Most of the UK fibre network was installed by US company Nynex. I say most because there were some smaller, local players over the years but it was pretty much all handled by Nynex. They ran some cable TV plus dial up internet services and had a backbone to the US.
In 1997, the UK assets of NYNEX were merged with the Cable & Wireless subsidiary Mercury Communications, cable operators Vidéotron and Bell Cablemedia, then renamed as the new company Cable & Wireless Communications. This company offered the UK its first alternative to BT for telephone services and continued to operate cable TV Services.
C&W changed their business focus worldwide in 2000 and decided to pull out of the UK domestic market ( as well as the US corporate market) and sold their UK assets to NTL. They did little to no infrastructure expansion during their ownership.
NTL ran in parts of the UK with Telewest being their only real competition. Some time around 2005 NTL had been running an ISP for Virgin ( Virgin.net) and bought that company out to begin their own ISP service. They also struck up talks for a merger with Telewest. That merger eventually went through in 2006 (top of my head here) but to prevent triggering a change of ownership clause with the BBC for services the smaller Telewest acquired NTL to become NTL:Telewest.
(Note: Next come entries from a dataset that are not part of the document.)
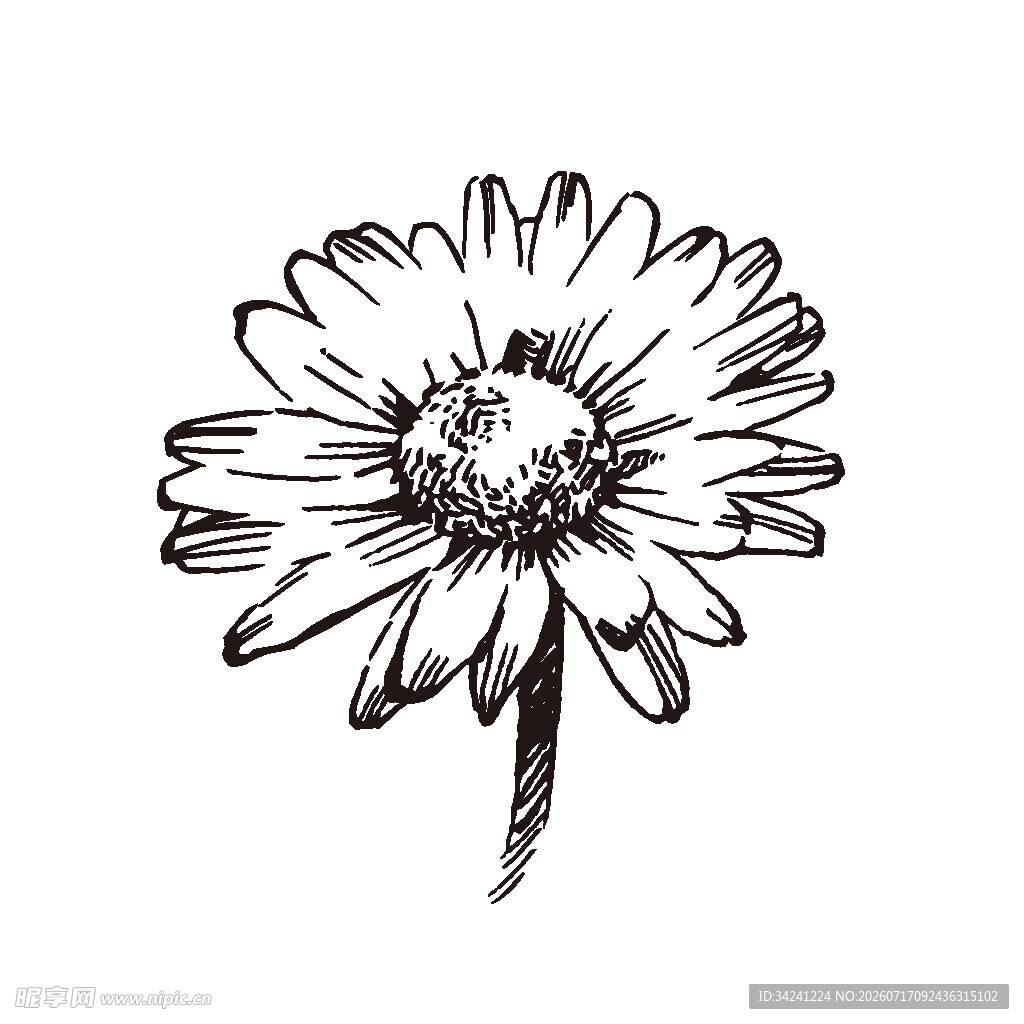 手绘雏菊插画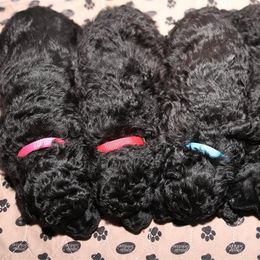 Poodle Puppies from Laminin Poodles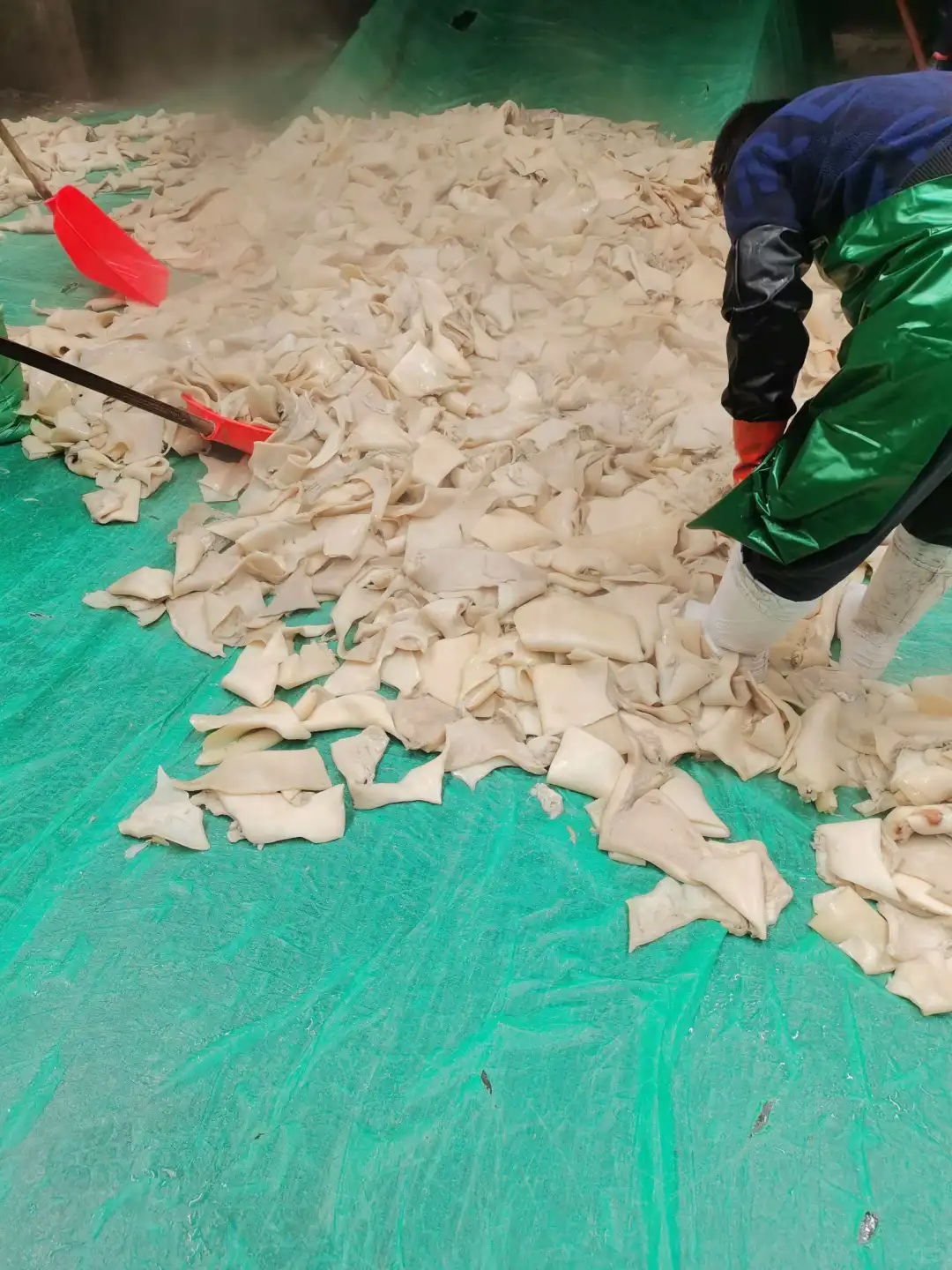 ��ʪţ��Ƥ�ɹ�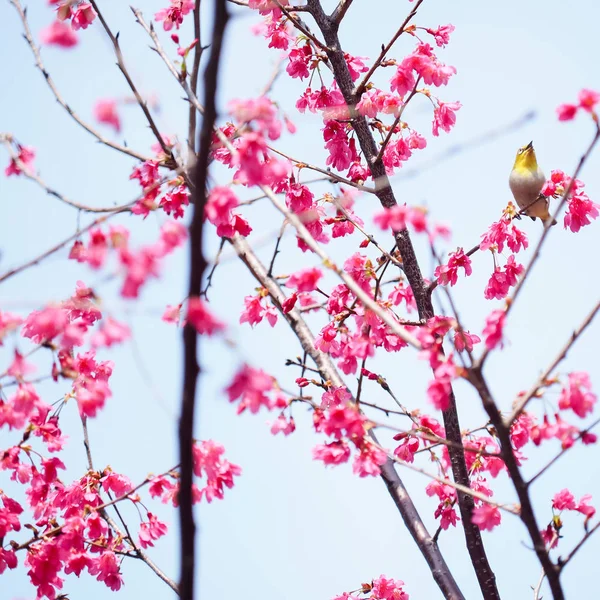 Flores Cerezo Como Fondo —  Fotos de Stock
In 2007 this company, now running Phone, cable TV and Internet purchased Virgin Mobile to become the first quadplay media business in the UK. At the same time NTL acquired a licence to use the Virgin brand name from Richard Branson in exchange for shareholdings. So NTL:Telewest was re-branded as Virginmedia but were exactly the same company as previously but now had a mobile phone network in their asset locker.
NTL and later as virgin invested very heavily in infrastructure over the years regularly increasing their reach and are currently undergoing a £3Bn improvement to reach a further 4-5 million homes in the UK and improve speeds and services. Virgin's current lowest package available is 50mb/s with the highest being 200Mb/s. The 100 Mb/s package has been upgraded to 152Mb/s and unlike non-cable competitors those speeds are pretty accurate most of the time. All of this is with fibre to the cabinet and copper to the premises.
So you see my incorrect friend nobody went bankrupt. Nobody paid for infrastructure that a later company benefited from because it was all bought and paid for. If companies have disappeared it is only through the normal business processes of acquisition and merger and in fact both NTL and Telewest exist today as Virginmedia because all they did was change their name.
I hope that helps you brush up on your 'history'.